> What needs to be done:
Give back the lines of the entries below exactly as written, from the first line to the line holding "AV75571 Connecticut License Plate", both included, with the pictures omitted.

Record set START

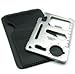 Small Survival Tool Credit Card Size Multi Purpose Device with Pouch (2-Pack), Silver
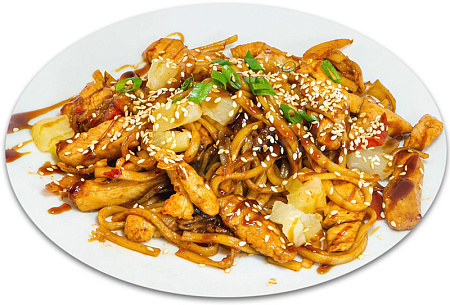 Wok "Кай Саб " (С курицей и ананасом в кисло-сладком соусе)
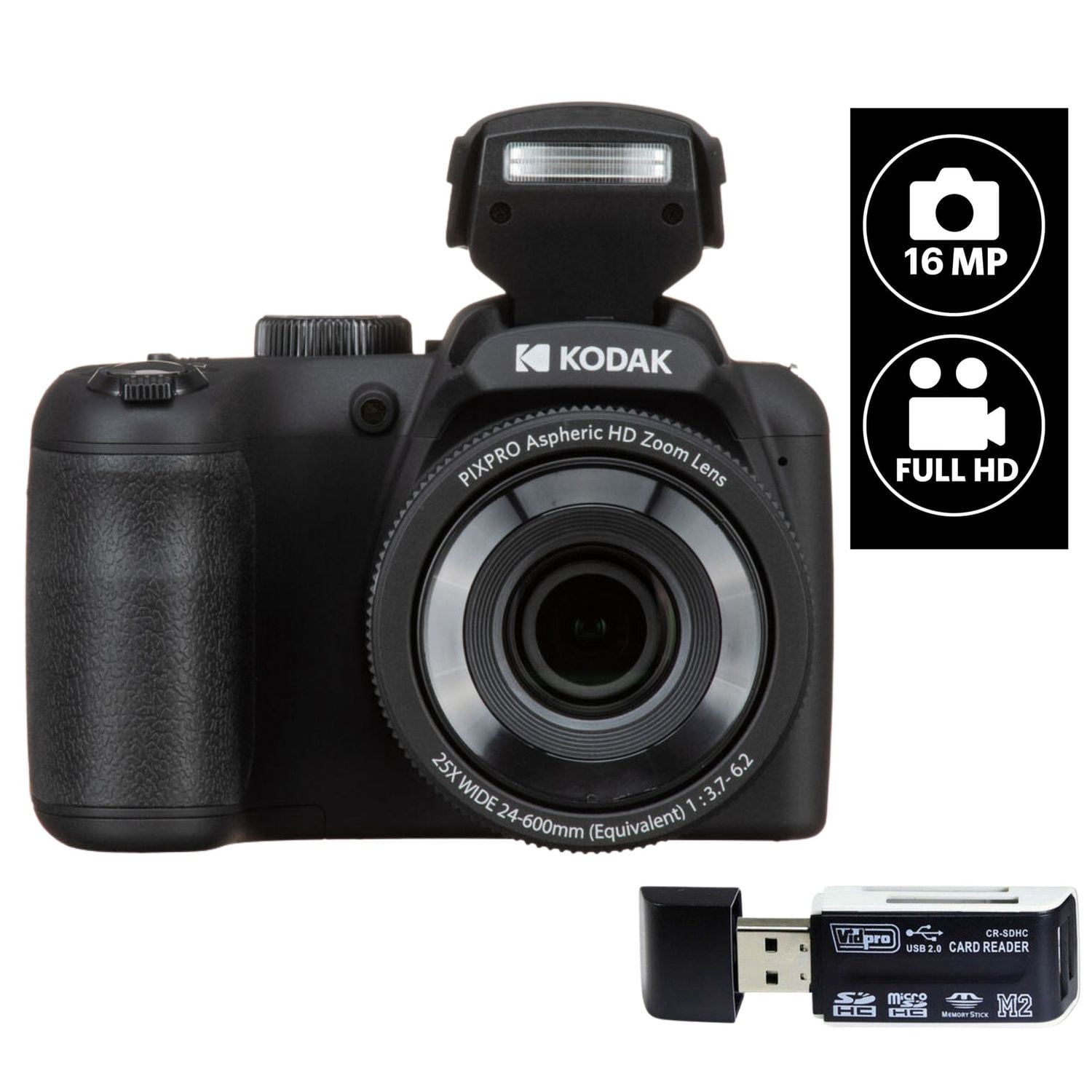 Kodak PIXPRO AZ255 Digital Camera (BLACK) 16MP 25X Optical Zoom 24mm ...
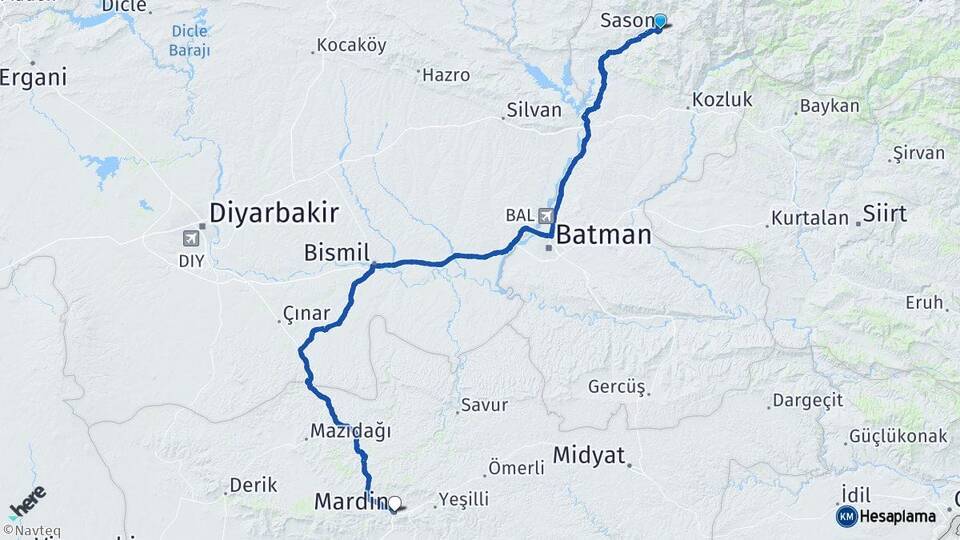Batman Sason Mardin Arası Kaç Km - Yol Haritası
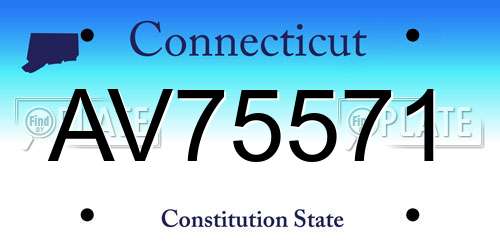 AV75571 Connecticut License Plate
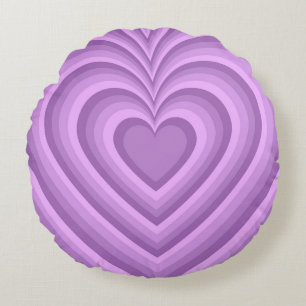 Coussins Ronds Motif d'amour du coeur hypnotique violet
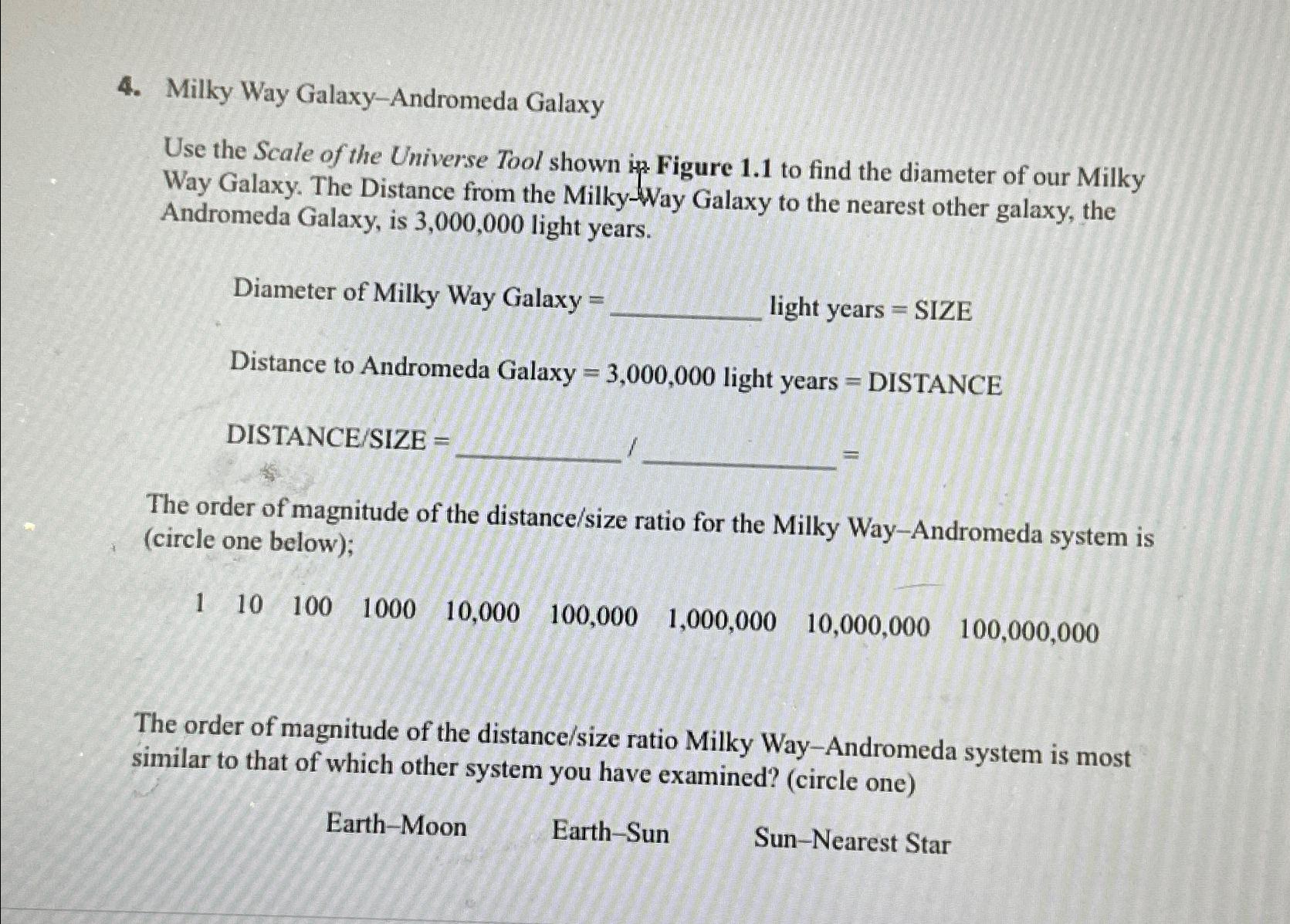I need to know the order of magnitude of the distance | Chegg.com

Record set END

> Your solution:
 Small Survival Tool Credit Card Size Multi Purpose Device with Pouch (2-Pack), Silver
 Wok "Кай Саб " (С курицей и ананасом в кисло-сладком соусе)
 Kodak PIXPRO AZ255 Digital Camera (BLACK) 16MP 25X Optical Zoom 24mm ...
Batman Sason Mardin Arası Kaç Km - Yol Haritası
 AV75571 Connecticut License Plate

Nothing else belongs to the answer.